### Optimize
This is the heart of the model.  This will notebook optimizes the three coefficients *b1, b2, b3* by minimizing the root mean squared error.  The results of this model will feed into a monte carlo simulation of another model.  Therefore, I will create around 1000 models from the available data in a bootstrap process with each year providing 1000/n years models.  The distribution of coefficients will be used to construct the monte carlo model.  

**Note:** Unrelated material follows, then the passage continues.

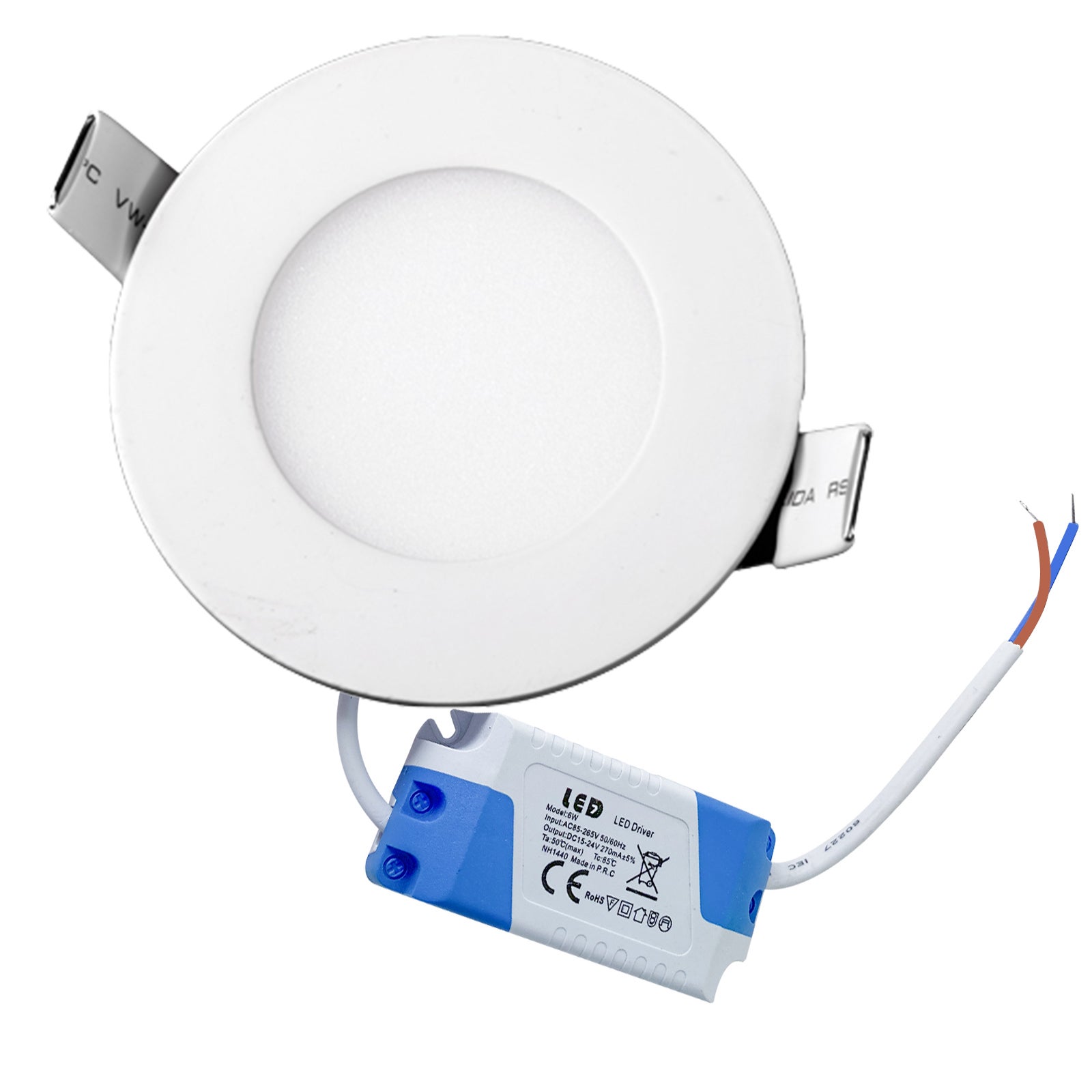 Spot Encastrable Led Downlight Panel Extra-plat 5w Blanc Neutre 4000k - Digilamp - 5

I will use the `minimize` function from [scipy's optimize] (https://docs.scipy.org/doc/scipy/reference/optimize.html) package.  It requires a first guess for the model coefficients.  I will optimize on all the data first as I think this will be a good first guess for each model.  Within year model bootstrap models will use an average of the previous model runs as a first guess.
 

#### Parameters
 - data
 - x0
 - sample
 - maxiter
 - min_fb_tdg

The x0 parameter is the initial guess to start the optimization algorithm with.  The sample parameter is a boolean of whether to sample the data with replacement used for the bootstrap process.  The maxiter is the maximum number of iterations for the optimization algorithm before it breaks.


#### Notebook
[optimize.ipynb](optimize.ipynb)
 

In [1]:
import papermill as pm
import pandas as pd
import numpy as np

In [2]:
import os
import sys
module_path = os.path.abspath(os.path.join('..'))
if module_path not in sys.path:
    sys.path.append(module_path)

In [3]:
#params
data_dir = r'D:\gitClones\nteract_models\optimize\projects\the_dalles'
maxiter = 100
x0 = [1,.5,2]
sample = False
min_fb_tdg = 120
file_name_extension = ''

In [4]:
nbs = pm.read_notebooks(data_dir+'/train_test')
df = nbs.dataframe
data = df[df['name']=='data']
grouped = data.groupby('filename')
i = 0
for g,v in grouped: 
    name = g.split('.')[0]
    train_test_data = v['value'].values[0]
    file_name = data_dir + '/results/{}_optimized{}.ipynb'.format(name,file_name_extension)
    
    pm.execute_notebook(
               'optimize.ipynb',
               file_name,
               parameters = dict(data=train_test_data, sample=sample, maxiter=maxiter, x0=x0,min_fb_tdg=min_fb_tdg)
            )
    #get weighted average of x0 to start with for next batch
    nb = pm.read_notebook(file_name)
    nb_df = nb.dataframe
    x = nb_df[nb_df['name']=='x']['value'].values[0]
    x0 = list((np.array(x0) * i + np.array(x))/(i+1))
    i+=1
    
    


Input Notebook:  optimize.ipynb
Output Notebook: D:\gitClones\nteract_models\optimize\projects\the_dalles/results/the_dalles_2014-12-31_00_00_00_optimized.ipynb
100%|██████████| 10/10 [00:24<00:00,  1.65s/it]
Input Notebook:  optimize.ipynb
Output Notebook: D:\gitClones\nteract_models\optimize\projects\the_dalles/results/the_dalles_2015-12-31_00_00_00_optimized.ipynb
100%|██████████| 10/10 [00:19<00:00,  1.00it/s]
Input Notebook:  optimize.ipynb
Output Notebook: D:\gitClones\nteract_models\optimize\projects\the_dalles/results/the_dalles_2016-12-31_00_00_00_optimized.ipynb
100%|██████████| 10/10 [00:12<00:00,  1.54it/s]
Input Notebook:  optimize.ipynb
Output Notebook: D:\gitClones\nteract_models\optimize\projects\the_dalles/results/the_dalles_2017-12-31_00_00_00_optimized.ipynb
100%|██████████| 10/10 [00:13<00:00,  1.15it/s]
Input Notebook:  optimize.ipynb
Output Notebook: D:\gitClones\nteract_models\optimize\projects\the_dalles/results/the_dalles_2018-12-31_00_00_00_optimized.ipynb
100